Blue Valentine Given Black Eye

by Rachel Bennett

The Motion Picture Association of America is showing no love for Blue Valentine. The MPAA has given Blue Valentine the film industry’s equivalent to a death warrant: an NC-17 rating.

What exactly is a NC-17 rating? The rating, called X until 1990, does not allow anyone under 17 years old to see a film.

Director Derek Cianfrance’s Blue Valentine chronicles the disintegrating marriage of a couple, played by Oscar nominees Ryan Gosling and Michelle Williams. The film was a hit at the Sundance Film Festival and has since been screened at the Toronto and Cannes film festivals.

The rating is causing many who have seen Blue Valentine to scratch their heads. The scene that has warranted the NC-17 rating reportedly depicts the couple’s drunken night at a hotel. She does not want to have sex but he does, so she eventually gives in so as to make him leave her alone. He then becomes upset when he realizes her consent is insincere.
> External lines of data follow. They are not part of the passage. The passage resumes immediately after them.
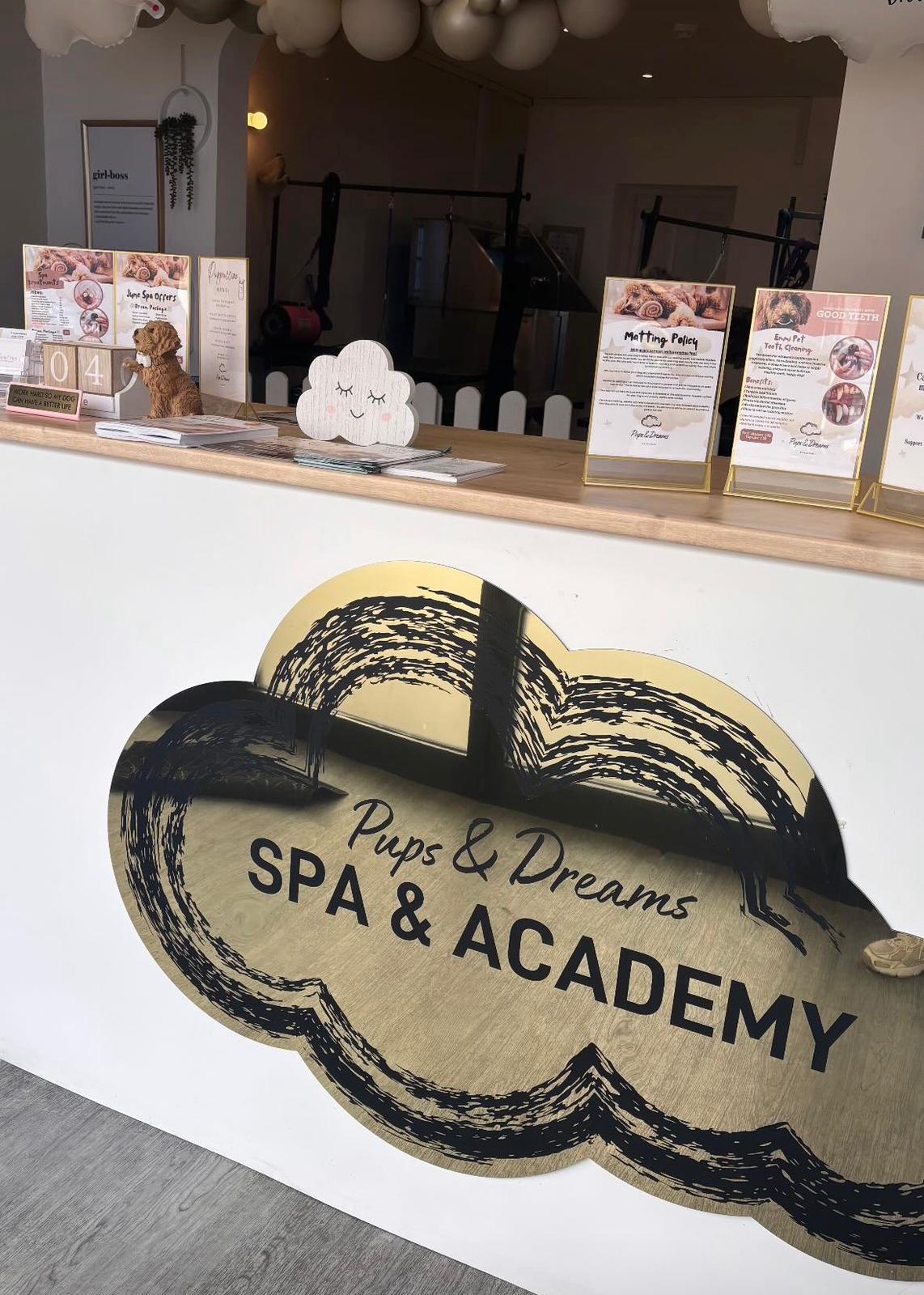Our salon 1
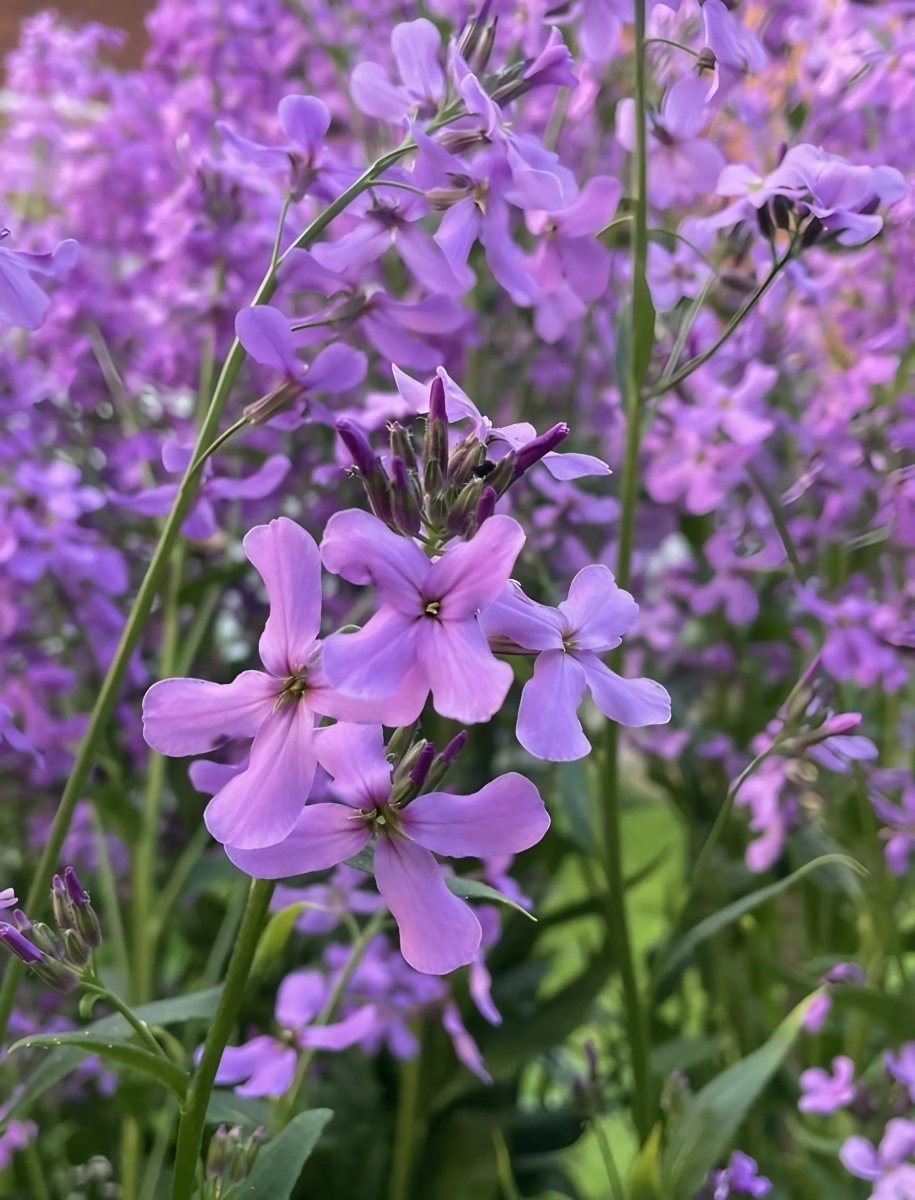 Hesperis Purple (Sweet Rocket) - Dandys Landscape Supplies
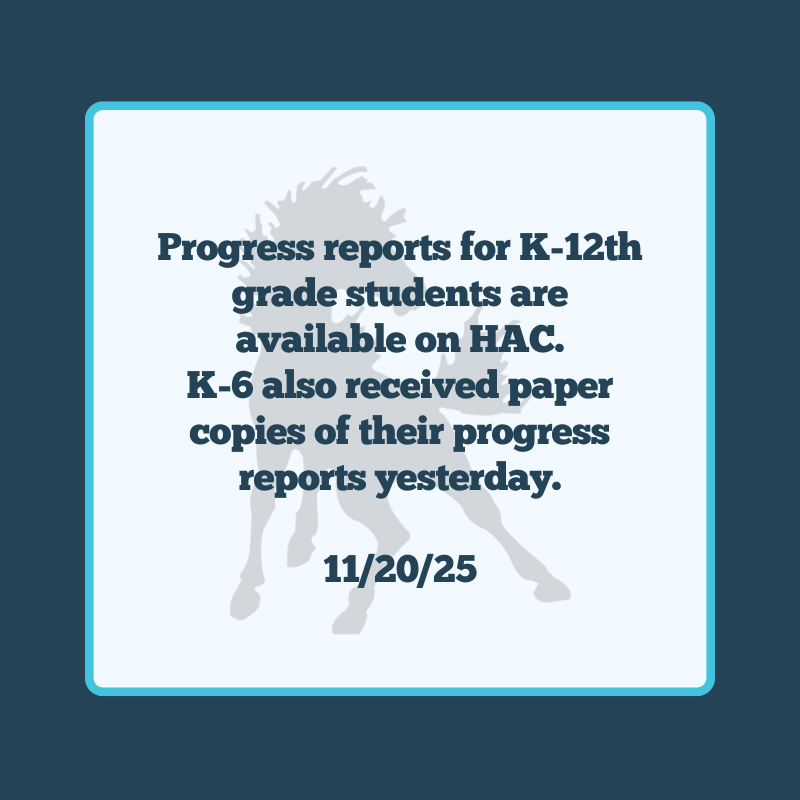 progress reports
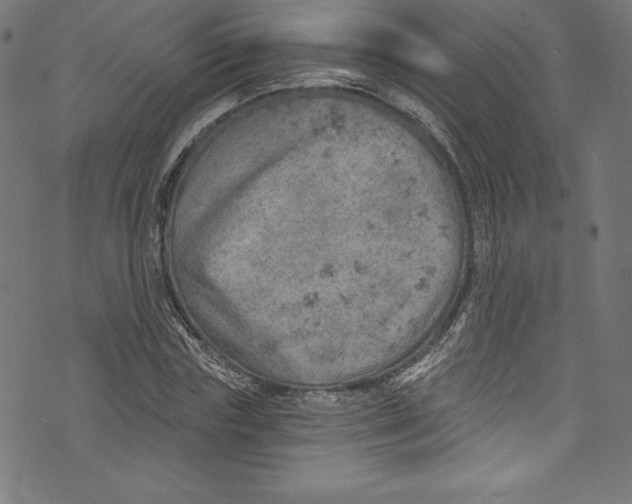 X0000072970827200608211319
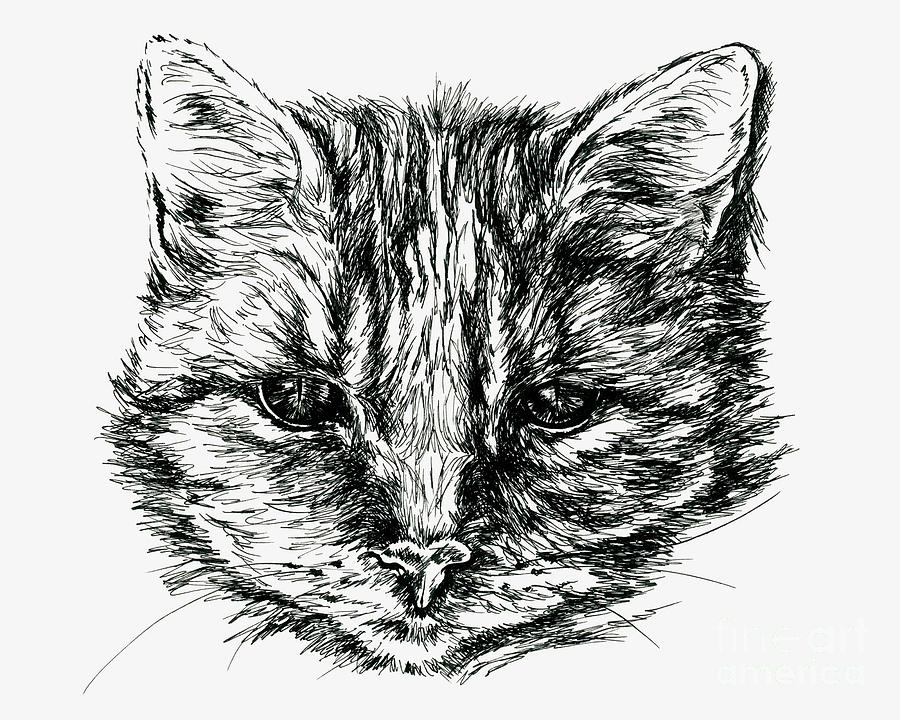 Tabby Cat Portrait in Ink Drawing by MM Anderson
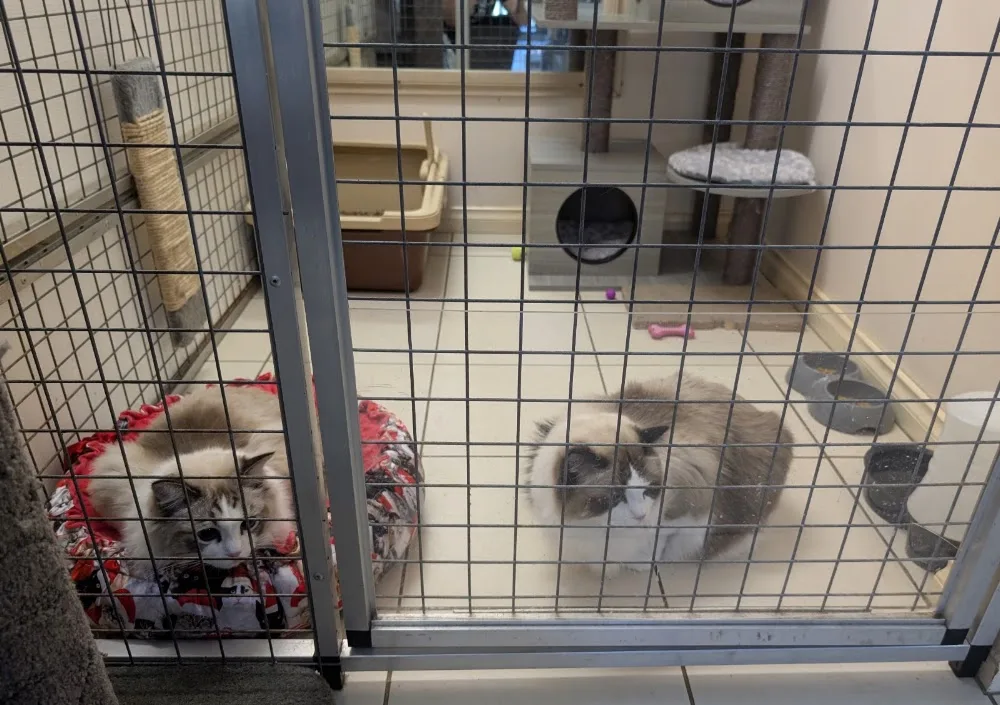 Gold Class Cattery - Australia pet otel görseli 3
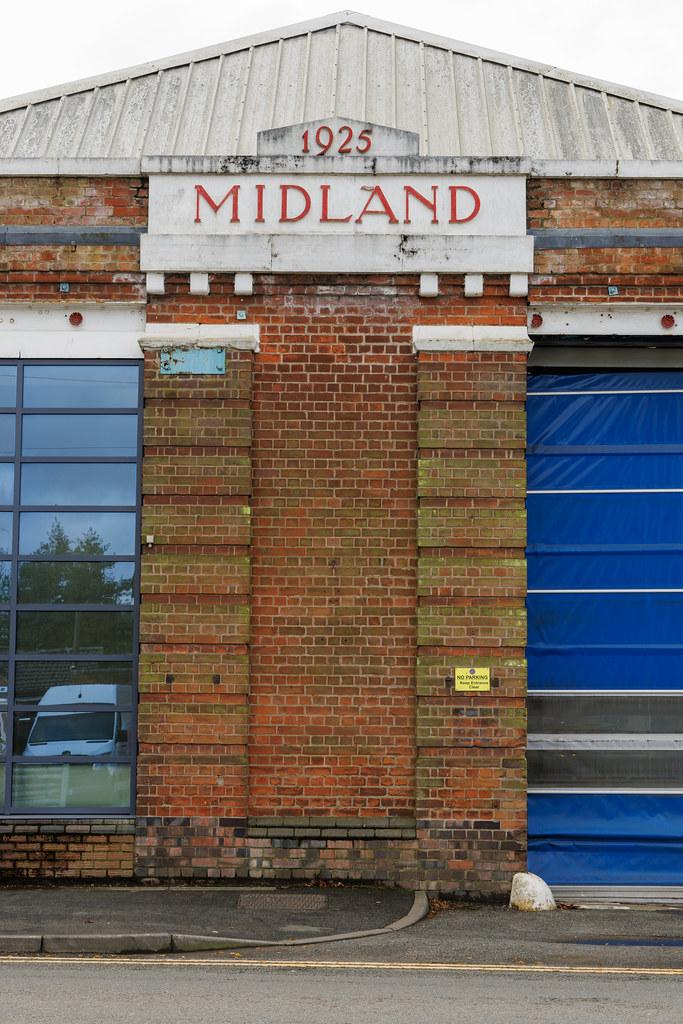 How to Deal with Shedding: Tips for All Seasons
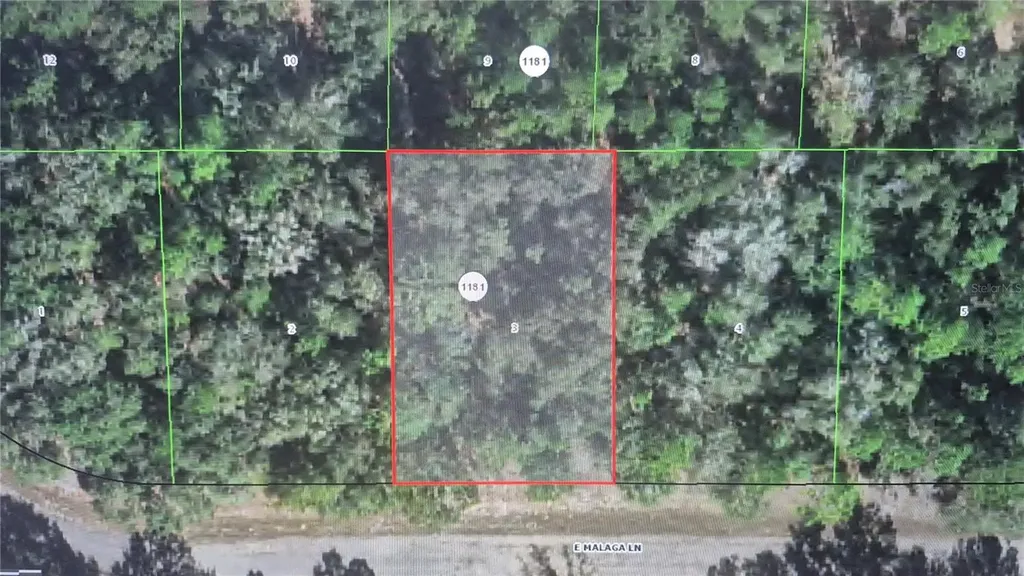 593 E Malaga Lane Dunnellon FL 34434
Although the scene is allegedly unsettling and does contain some nudity, some people feel it does not justify Blue Valentine’s rating.

“I won’t even get into how ludicrous this decision is on the part of the MPAA,” said Dave Karger, an Entertainment Weekly writer. “I’ve seen far more sexually explicit films get away with an R rating.”

The film has been praised by critics, including Karger, and has been considered an Oscar front-runner—especially in the lead acting categories.

But, with am NC-17 rating, Blue Valentine might get left out in the cold.

NC-17-rated movies usually do not fare well at the box office because only a limited number of theaters show them.

The highest grossing NC-17-rated movie in box office history is Showgirls, which earned a little more than $20 million. Showgirls is the only NC-17-rated film to make more than $20 million, and, along with 11 others, to make more than $1 million. On the other hand, The Passion of the Christ, the highest grossing R-rated film, earned almost $371 million.

NC-17-rated films tend to do just as well during awards season as they do at the box office. Only one NC-17-rated film, Henry & June, has been nominated for an Oscar. The film was nominated for Best Cinematography in 1991, but it lost to Dances with Wolves.

However, there is hope; the Weinstein Company, the studio that bought Blue Valentine, could fight the rating.

The company may appeal the NC-17 rating, even though it would not guarantee an R rating. The Weinstein Company appealed the R rating for its film The Tillman Story in August, but the MPAA refused to reduce it to PG-13.

The Weinstein Coompan could also release Blue Valentine without a rating, since the studio is not an MPAA signatory. Requiem for a Dream was originally NC-17, but it was instead released in 2000 without a rating. The film went on to earn a Best Actress Oscar nomination for Ellen Burstyn in 2001.

The likeliest choice for the Weinstein Company is to edit the controversial scene in Blue Valentine. The scene would subsequently not be as risqué and would give the film an R rating. Boys Don’t Cry was edited to an R after it initially received a NC-17 rating—paving the way for Hilary Swank to win the Best Actress Oscar for the film in 2000.

The Weinstein Company has yet to comment on the rating or on what the studio’s next action will be.